I have a Ford 4500 that got (a lot of) rain water in the transmission, likely through the shift levers.

I drained it for a day, but after adding fresh hydro, it is still foamy (but better), so I suspect fluid sits somewhere in the trans that does not drain.

I want to get all of the water/oil out, but would rather not keep flushing it with 4 gallons of expensive hydro oil.

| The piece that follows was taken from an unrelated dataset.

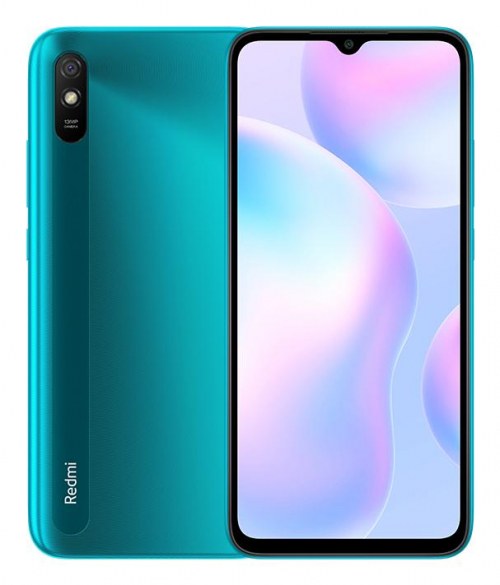 17449101580663-xiaomiredmi9a166cm653doppiasimandroid114gmicrousb2gb32gb5000mahverde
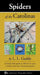 Spiders of the Carolinas: A Handy Field Guide to 100 of Our Most Common and Interesting Spiders by L. L. Chick Gaddy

Any ideas on a good/safe ( and less inexpensive) way to flush out the trans?


----------



## agmantoo (May 23, 2003)

plowjockey

Just recycle the hydro oil you now have. I am not saying to use it in the final fill but to flush the water out with it. All you need to do is to heat to 212 F the flush hydro oil to drive the water off and then send it through the trans again. You do not have to get all the moisture out. Each time the weather gets to where the dew point allows your tractor to "sweat" moisture will be formed on the inside of the tranny housing the same as on the exterior.


----------



## ace admirer (Oct 5, 2005)

yes also the tractor needs to be run a few hours, 18 or so under hydraulic load to heat up the fluid to rid moisture in the fluid.


----------



## Bret4207 (May 31, 2008)

I've tried heating the fluid in the past. I had no luck at all. I'd suggest flushing the tranny with diesel. At least you can use the drained diesel for a solvent or let it set out in the cold and maybe the water will freeze out of it. Maybe. 

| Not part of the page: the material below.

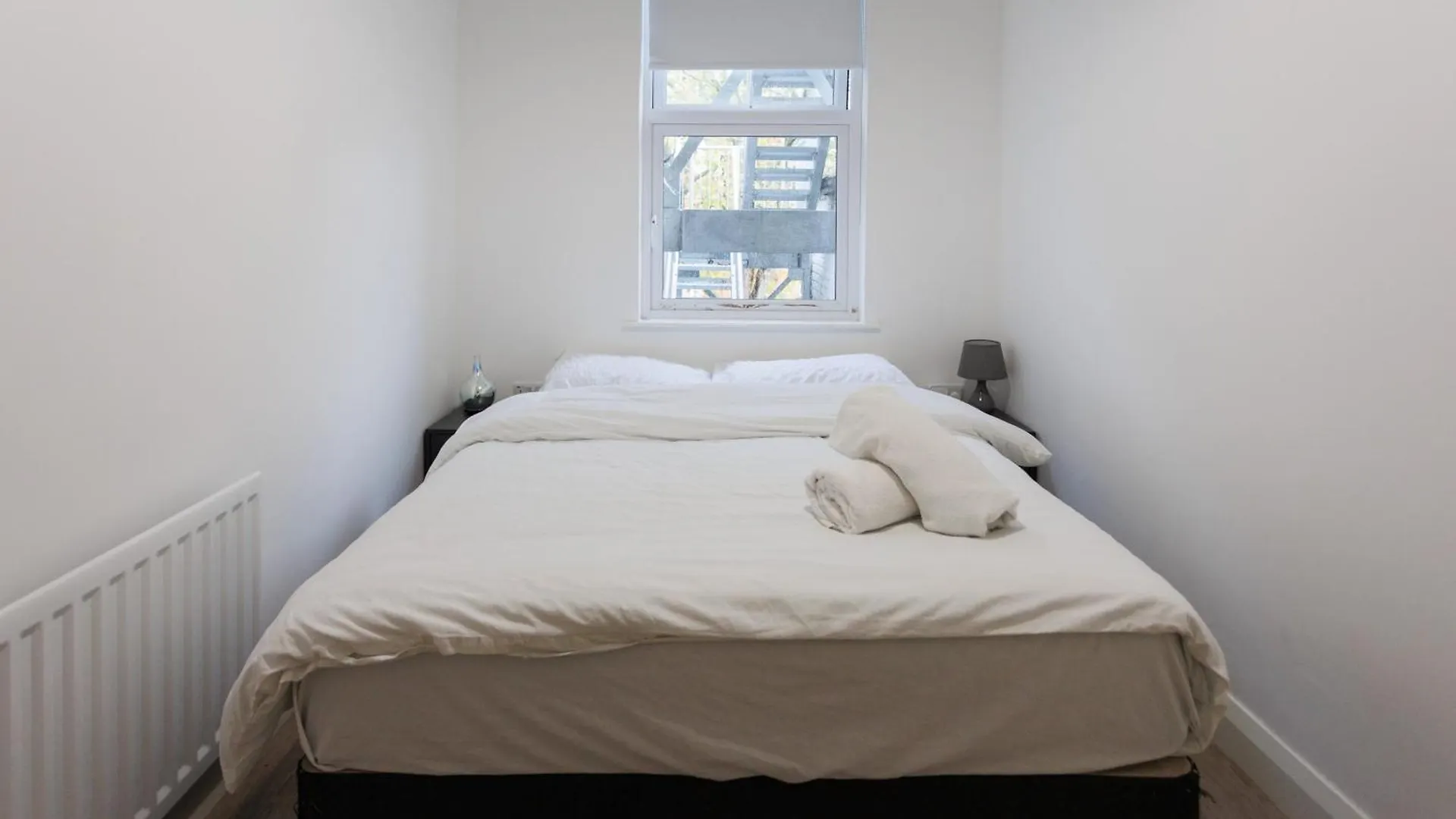 Belfast Boutique Apartment For 2 0*,  Regno Unito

I don't know of any way to keep hydro fluid from becoming milky after a few seasons if there is any vent or opening to the outside air. As was said, even plain old condensation will show up after some time.


----------



## ace admirer (Oct 5, 2005)

one would think at elevated temps the water would have to be driven off. works for our few dozen tractors anyway. shifter boots have to be in good shape

all gear boxes are vented unless it is very (very) high tech.


----------



## plowjockey (Aug 18, 2008)

ace admirer said:


> one would think at elevated temps the water would have to be driven off. works for our few dozen tractors anyway. shifter boots have to be in good shape
> 
> all gear boxes are vented unless it is very (very) high tech.


Since it's in the transmission, and it's a backhoe, I don't know if it even really gets hot enough, to boil much moisture out. This tractor does not seem to have to work very hard at all, to get stuff done.

It does not have any rubber gearshift boots (not sure if it ever did). it does have cone shaped metal over the gearshift and the HI/LO, but apparently enough water can splash up, underneath, from the top of the transmission.

I'm looking for rubber boots, even though it will eventually be stored inside.


----------



## ace admirer (Oct 5, 2005)

Hmmm, pressure washer ? something not right....

on the tractor page ytmag.com seems like someone there used a chemical dryer,, liquid,probably alch bases,? ...been a while since i've read it...


----------



## agmantoo (May 23, 2003)

I have removed water from vacuum pump oil in an industrial situation using an electric heat element with no problem. I know it works!


----------



## Ross (May 9, 2002)

We've run Fords forever. If anyone can ever get them water free in the hydraulics for long let me know how. Small amounts doesn't seem to harm anything at least!You could drain the oil and let it settle out (putting in new for now) then swap it back and forth with the alternate oil removing water each time. Nice to have a centrifuge wouldn't it!


----------